§ Task to carry out
Return all of the data below verbatim and exclude every picture.

§ Data segment
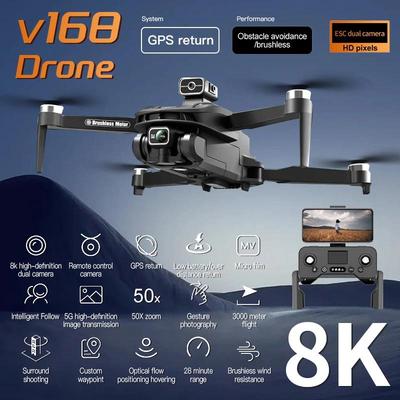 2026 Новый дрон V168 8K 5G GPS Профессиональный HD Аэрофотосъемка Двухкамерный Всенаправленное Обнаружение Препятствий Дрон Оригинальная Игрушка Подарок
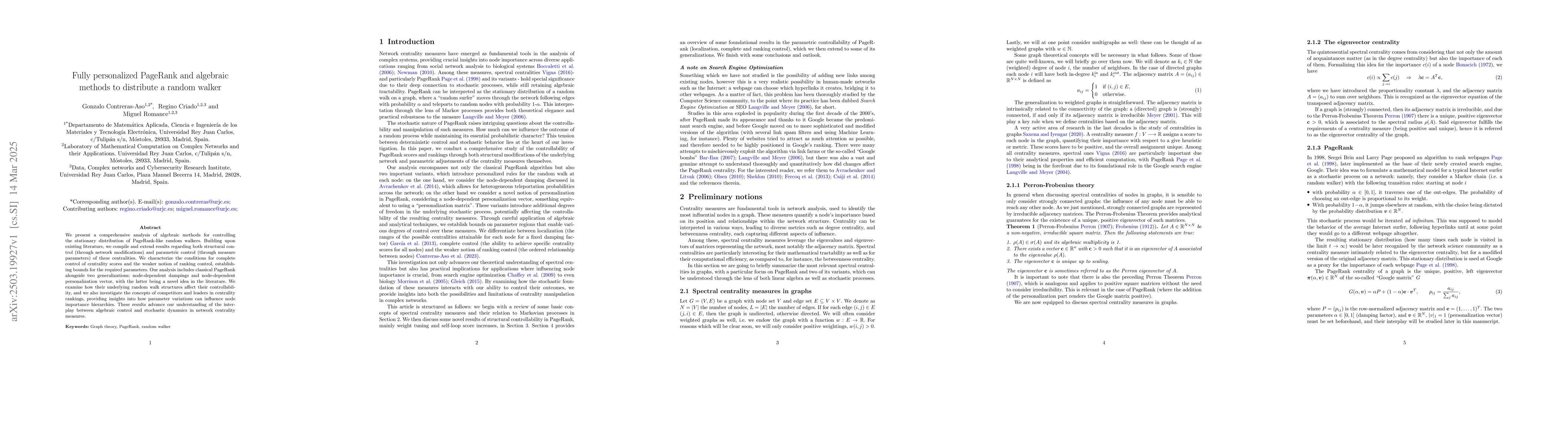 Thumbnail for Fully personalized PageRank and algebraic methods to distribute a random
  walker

§ Response below
 2026 Новый дрон V168 8K 5G GPS Профессиональный HD Аэрофотосъемка Двухкамерный Всенаправленное Обнаружение Препятствий Дрон Оригинальная Игрушка Подарок
 Thumbnail for Fully personalized PageRank and algebraic methods to distribute a random
  walker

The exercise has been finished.